Set the parameters of this estimator.

The method works on simple estimators as well as on nested objects (such as Pipeline). The latter have parameters of the form <component>__<parameter> so that it’s possible to update each component of a nested object.

Parameters:

**params (dict) – Estimator parameters.

Returns:

self – Estimator instance.

Return type:

estimator instance

property coef_

Get the model’s coefficients on the covariates.

Returns:

coef_ – The coefficients of the variables in the linear regression. If label y was p-dimensional, then the result is a matrix of coefficents, whose p-th row containts the coefficients corresponding to the p-th coordinate of the label.

Return type:

{(d,), (p, d)} nd array_like

property coef_stderr_

Get the standard error of the fitted coefficients.

Returns:

coef_stderr_ – The standard error of the coefficients

Return type:

{(d,), (p, d)} nd array_like

property intercept_

Get the intercept(s) (or 0 if no intercept was fit).

Returns:

intercept_ – The intercept of the linear regresion.
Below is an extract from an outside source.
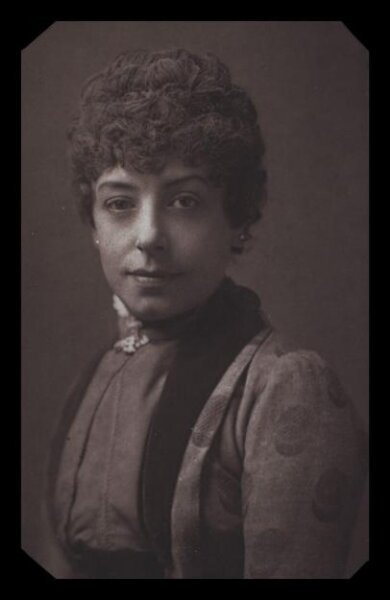 Unknown, Guy Little Theatrical Photograph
If label y was p-dimensional, then the result is a vector whose p-th entry containts the intercept corresponding to the p-th coordinate of the label.

Return type:

float or (p,) nd array_like

property intercept_stderr_

Get the standard error of the intercept(s) (or 0 if no intercept was fit).

Returns:

intercept_stderr_ – The standard error of the intercept(s)

Return type:

float or (p,) nd array_like